_ABOUT THIS TASK_
Only the lines in the entries below from the line with "Adidas SPEEDCOURT 42 нови" to the line with "ALTA – stolik", both included, belong in the answer, transcribed exactly and without pictures.

_DATA SHOWN_
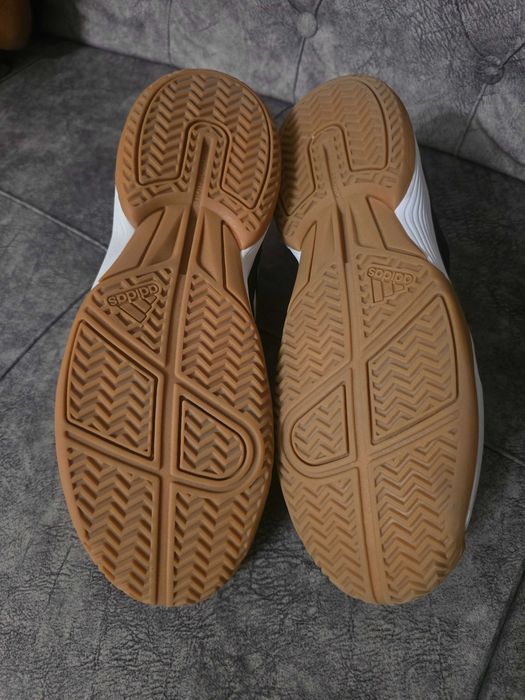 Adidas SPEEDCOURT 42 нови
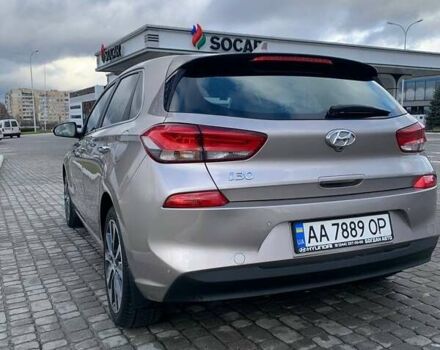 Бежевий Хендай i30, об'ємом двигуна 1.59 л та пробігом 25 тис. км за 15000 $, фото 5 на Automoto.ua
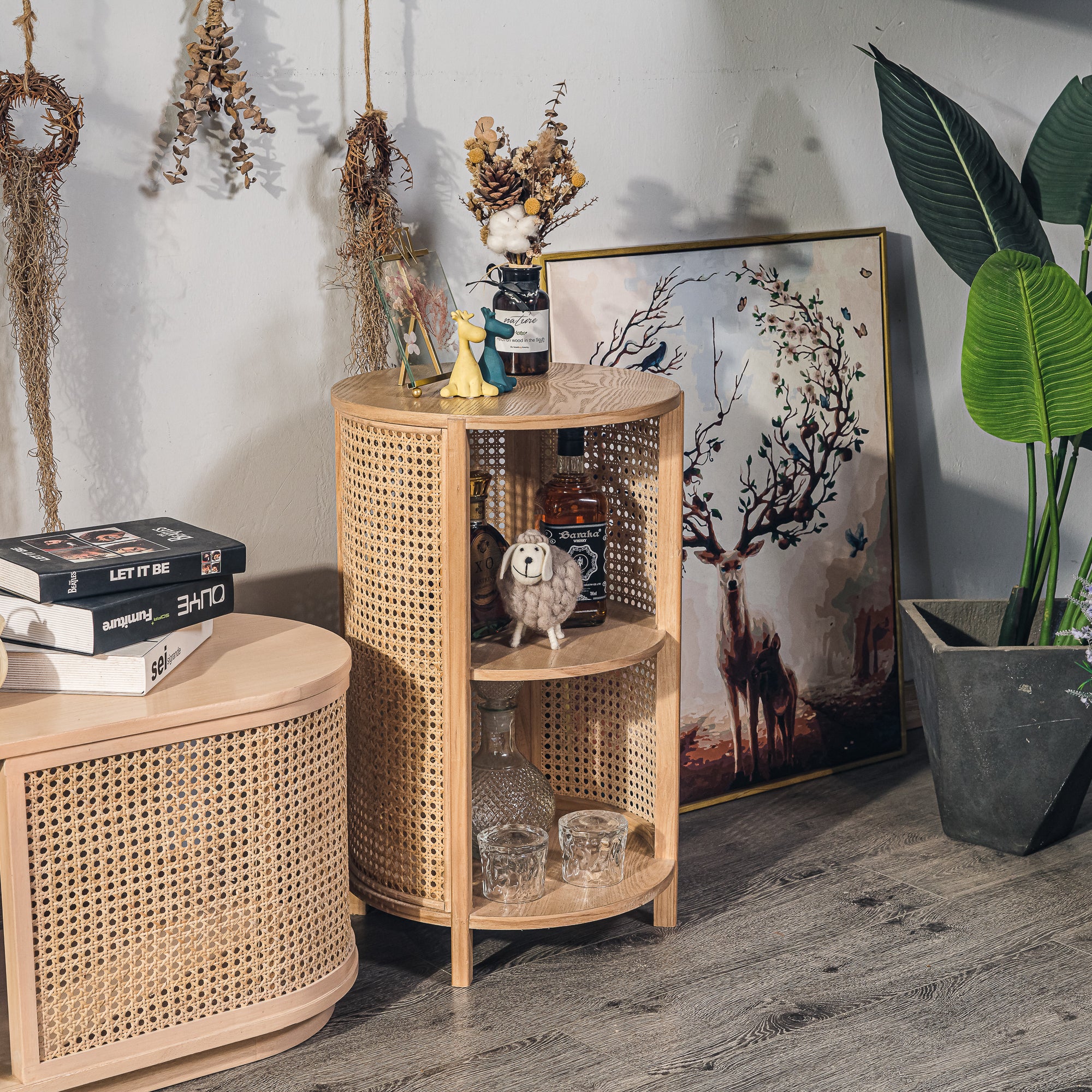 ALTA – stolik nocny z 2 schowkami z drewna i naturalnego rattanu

==

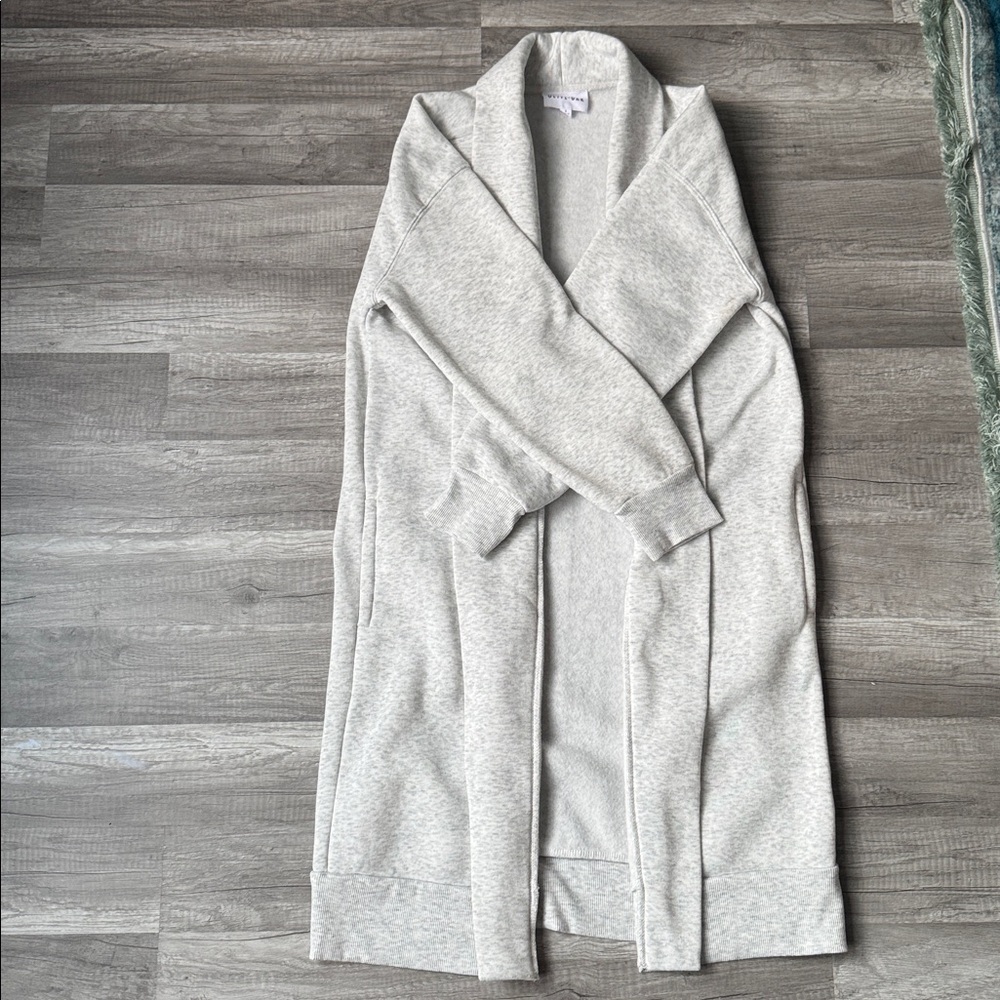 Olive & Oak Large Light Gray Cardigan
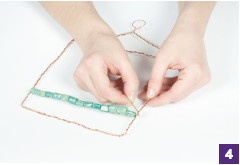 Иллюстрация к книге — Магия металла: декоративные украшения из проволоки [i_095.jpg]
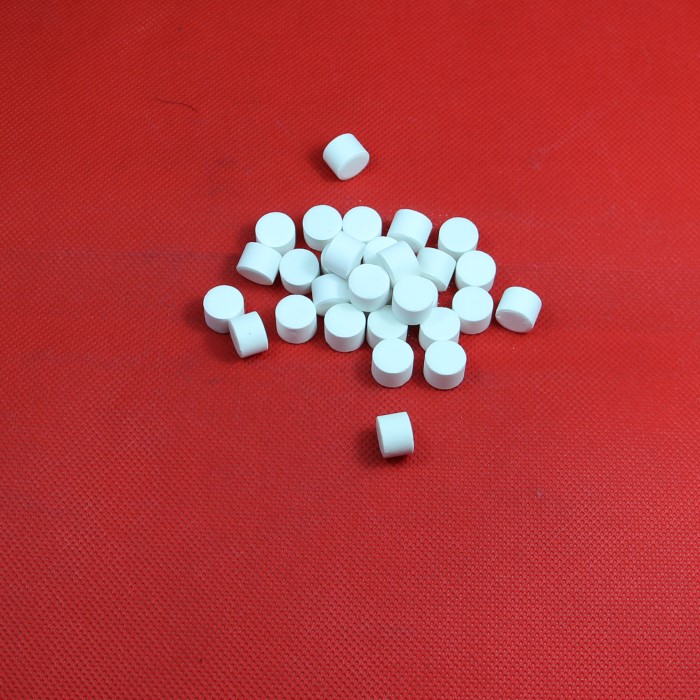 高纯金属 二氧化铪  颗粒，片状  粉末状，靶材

_THE ANSWER_
 Adidas SPEEDCOURT 42 нови
 Бежевий Хендай i30, об'ємом двигуна 1.59 л та пробігом 25 тис. км за 15000 $, фото 5 на Automoto.ua
 ALTA – stolik nocny z 2 schowkami z drewna i naturalnego rattanu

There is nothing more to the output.